> _Work task_:
In the records below, reproduce exactly the lines from the one containing "Samsers Foldable Bluetooth" through the one containing "Rainbow alphabet clipart", both included, and omit the pictures.

☆ ☆ ☆

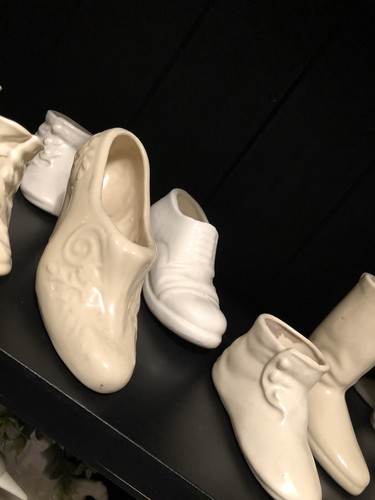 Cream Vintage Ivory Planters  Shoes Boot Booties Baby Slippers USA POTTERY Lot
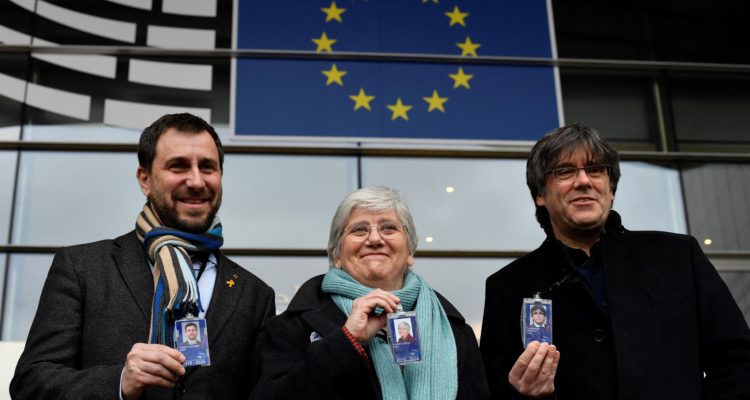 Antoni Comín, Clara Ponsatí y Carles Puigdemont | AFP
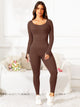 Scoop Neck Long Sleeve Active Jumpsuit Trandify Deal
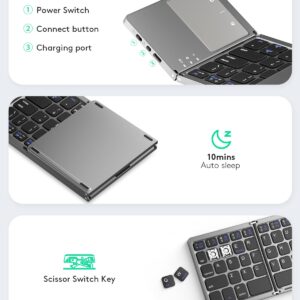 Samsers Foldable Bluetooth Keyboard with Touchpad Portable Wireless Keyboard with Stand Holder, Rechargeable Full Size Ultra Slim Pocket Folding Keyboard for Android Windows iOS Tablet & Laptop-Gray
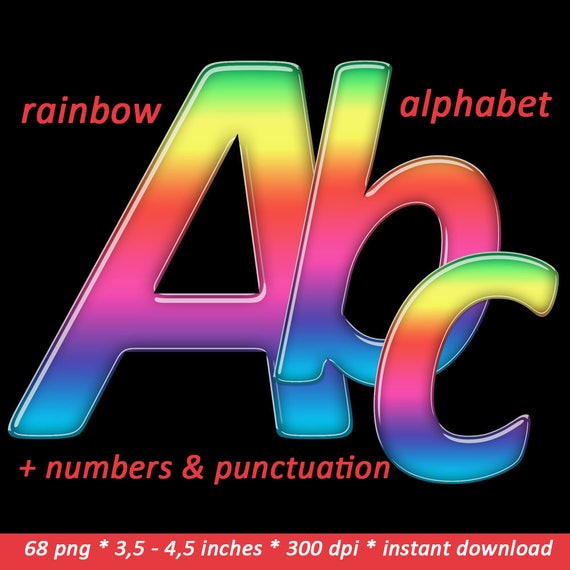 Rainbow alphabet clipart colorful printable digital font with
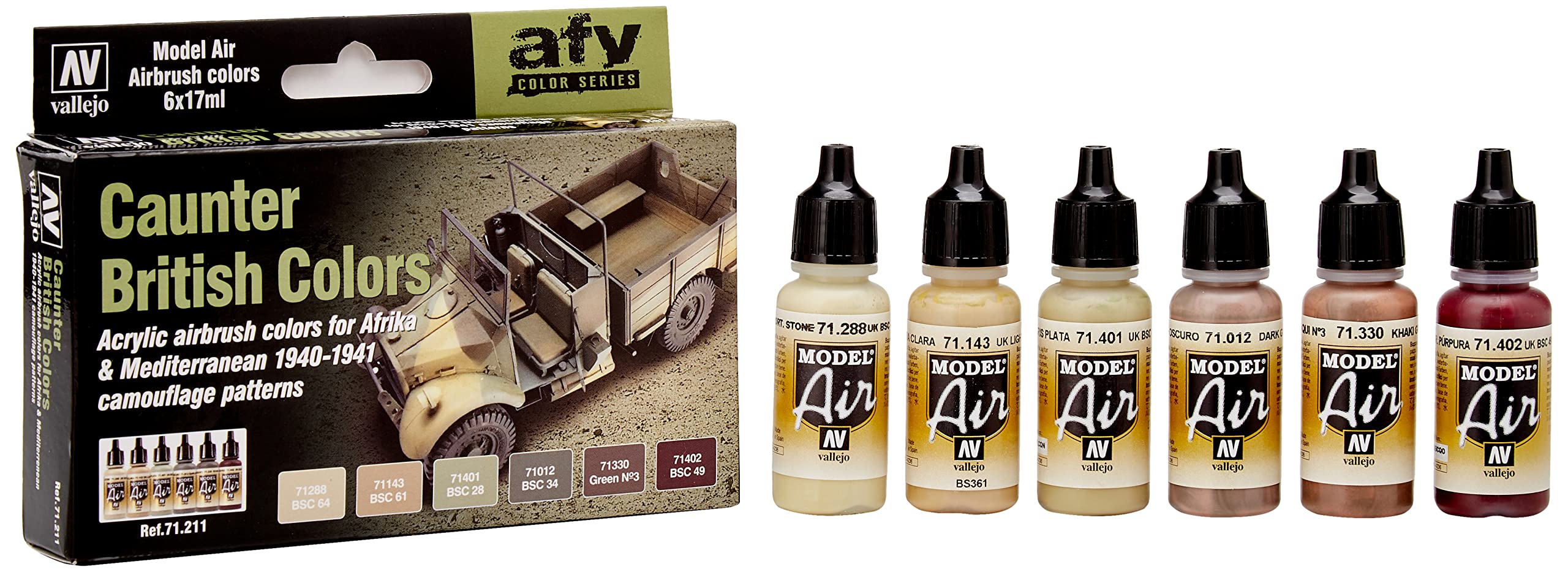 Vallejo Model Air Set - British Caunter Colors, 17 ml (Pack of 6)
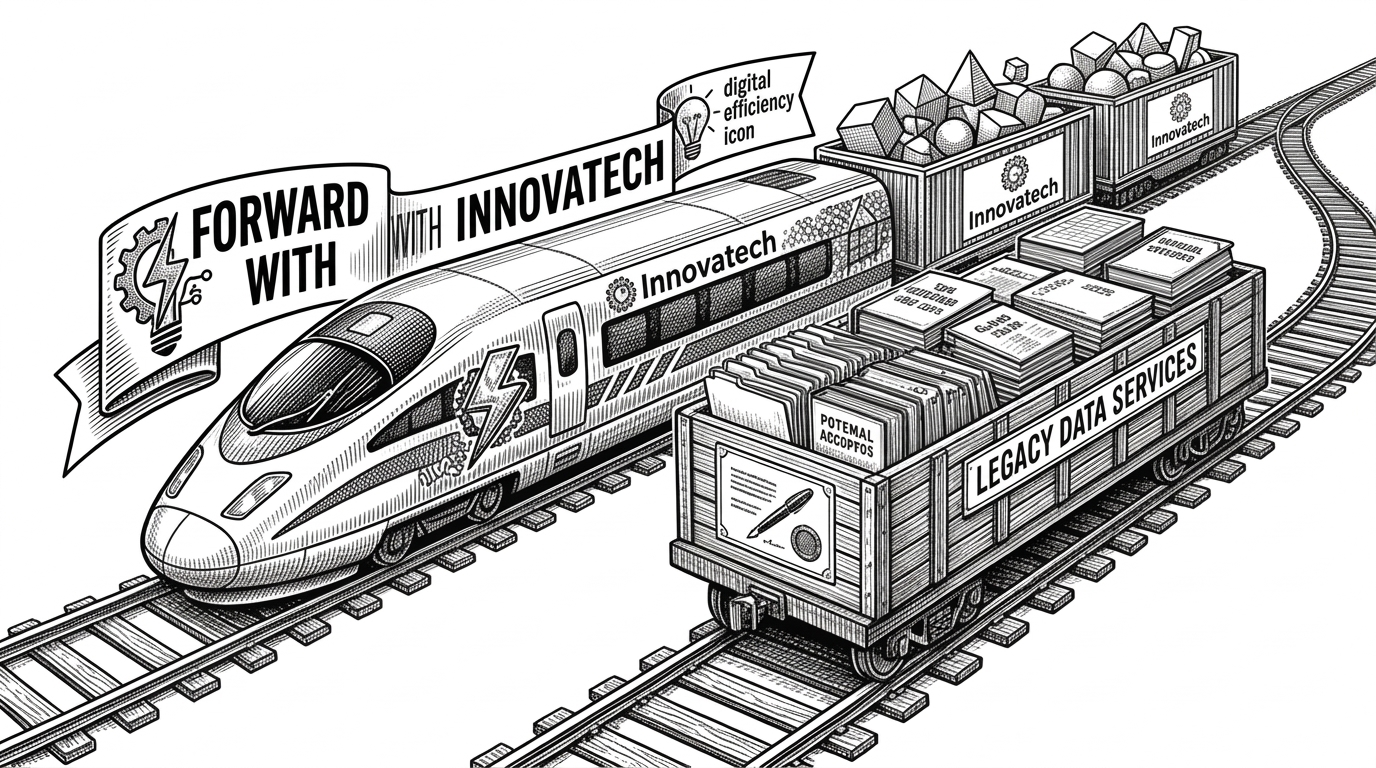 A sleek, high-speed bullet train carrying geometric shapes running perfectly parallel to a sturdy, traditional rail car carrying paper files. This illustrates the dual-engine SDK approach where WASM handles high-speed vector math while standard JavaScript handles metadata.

☆ ☆ ☆

> _Output for this task_:
 Samsers Foldable Bluetooth Keyboard with Touchpad Portable Wireless Keyboard with Stand Holder, Rechargeable Full Size Ultra Slim Pocket Folding Keyboard for Android Windows iOS Tablet & Laptop-Gray
 Rainbow alphabet clipart colorful printable digital font with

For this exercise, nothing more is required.